_REQUIRED WORK_. Starting from the line that holds "Sale>>มอเตอร์เกียร์ DODGE APG.", output exactly each line through the end of the listing. Do not copy pictures.

- Opening Delimiter -

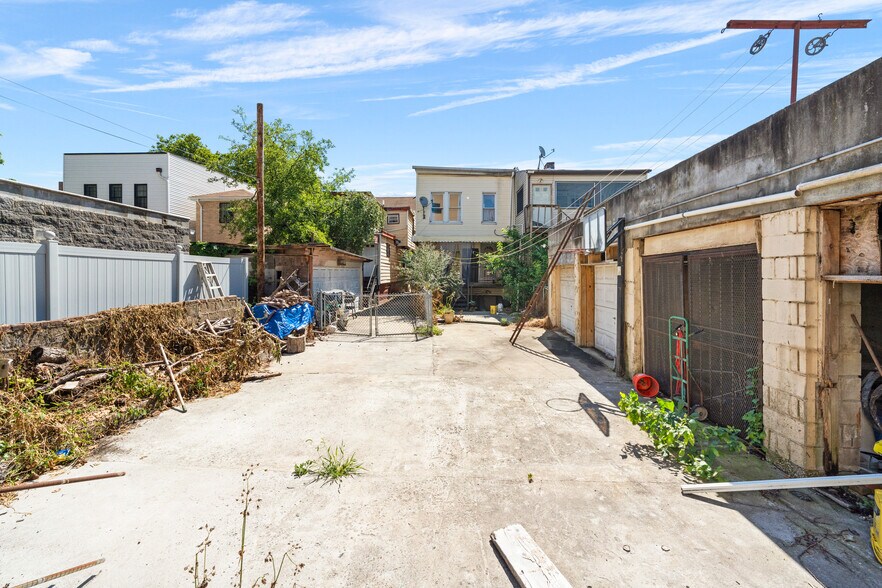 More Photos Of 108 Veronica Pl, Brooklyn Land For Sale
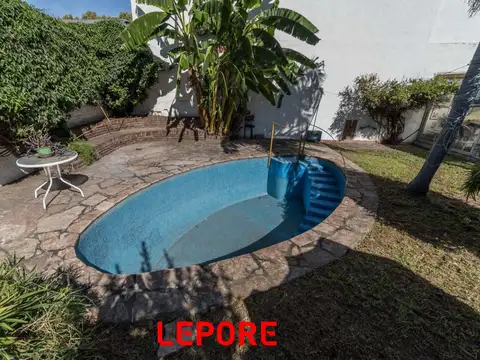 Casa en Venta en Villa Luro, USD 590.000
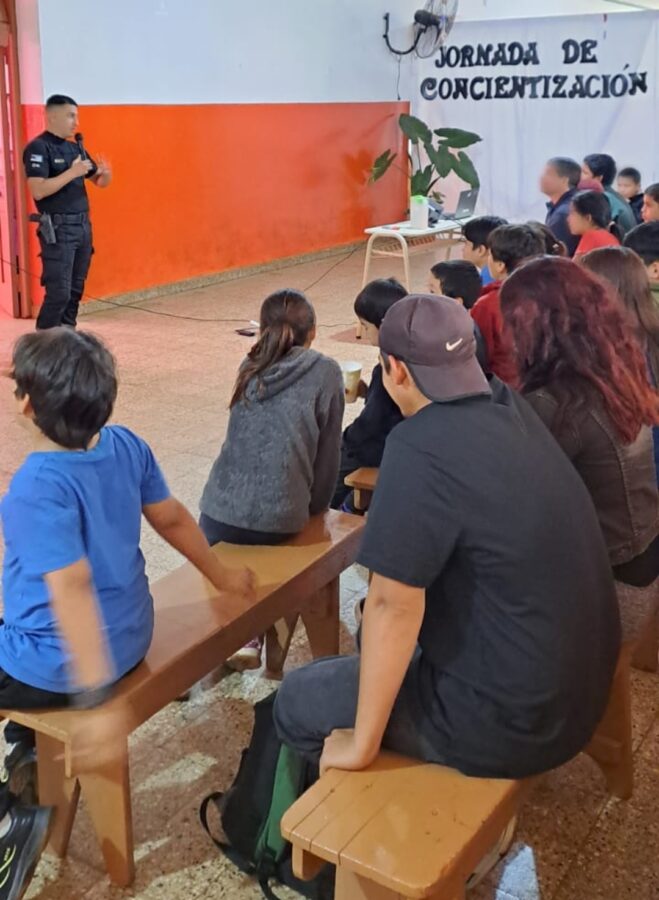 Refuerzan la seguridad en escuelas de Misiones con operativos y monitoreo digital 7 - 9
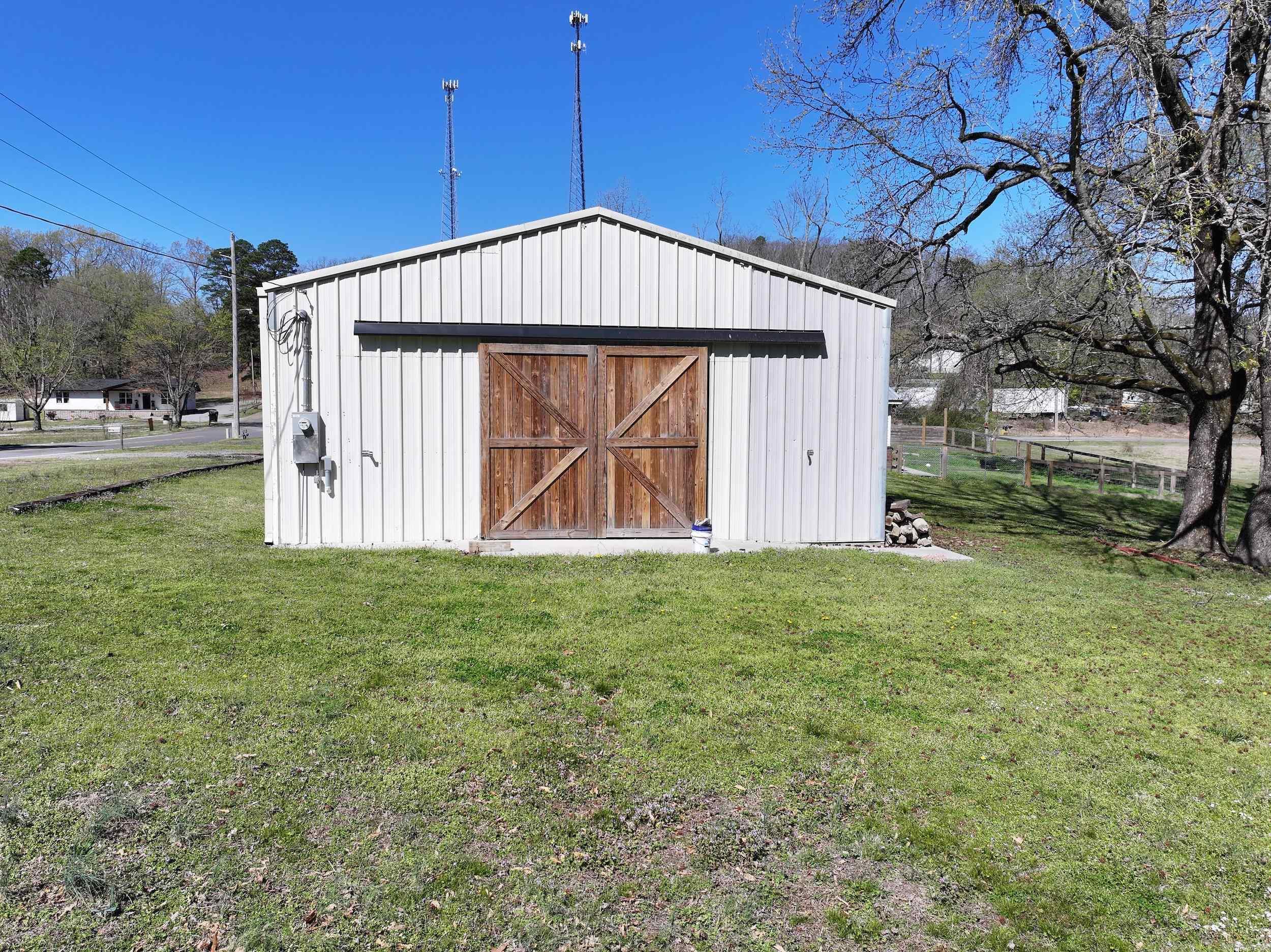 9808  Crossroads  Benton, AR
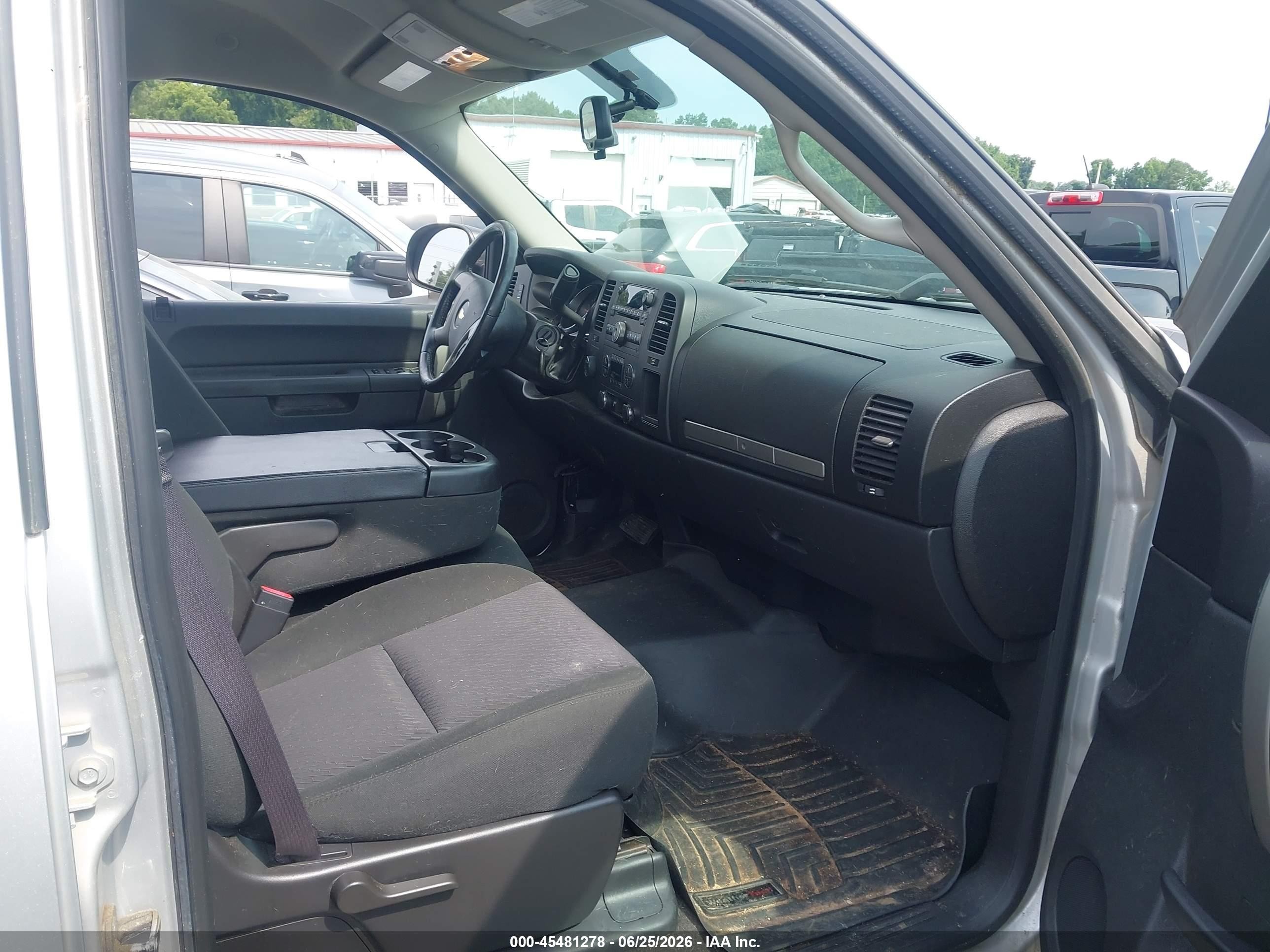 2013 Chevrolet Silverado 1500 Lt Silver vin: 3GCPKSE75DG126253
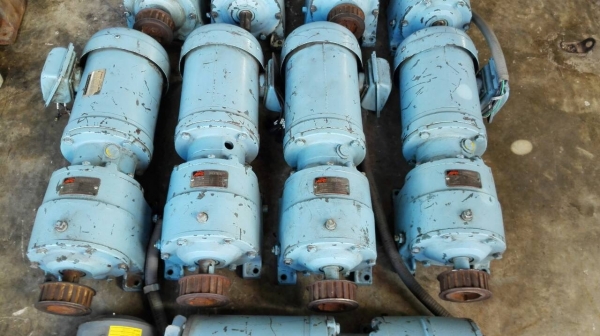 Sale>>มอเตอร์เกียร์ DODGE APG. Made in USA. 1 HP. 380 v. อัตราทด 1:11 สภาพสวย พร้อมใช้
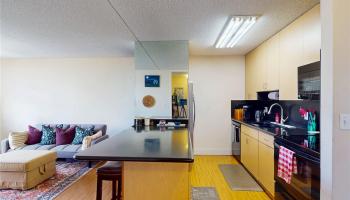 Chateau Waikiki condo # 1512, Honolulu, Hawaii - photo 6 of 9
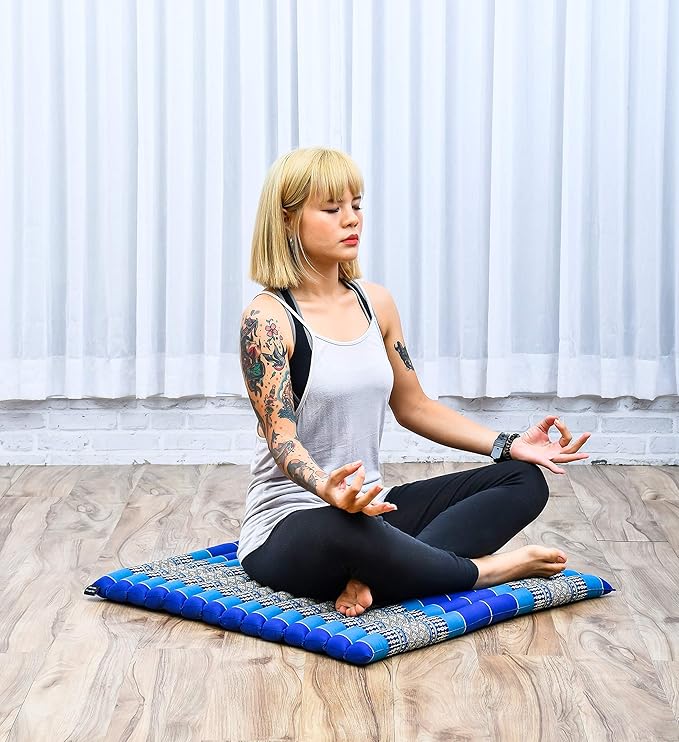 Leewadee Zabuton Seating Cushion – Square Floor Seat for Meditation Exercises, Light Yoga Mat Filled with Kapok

- Closing Delimiter -

_EXERCISE RESULT_.
 Sale>>มอเตอร์เกียร์ DODGE APG. Made in USA. 1 HP. 380 v. อัตราทด 1:11 สภาพสวย พร้อมใช้
 Chateau Waikiki condo # 1512, Honolulu, Hawaii - photo 6 of 9
 Leewadee Zabuton Seating Cushion – Square Floor Seat for Meditation Exercises, Light Yoga Mat Filled with Kapok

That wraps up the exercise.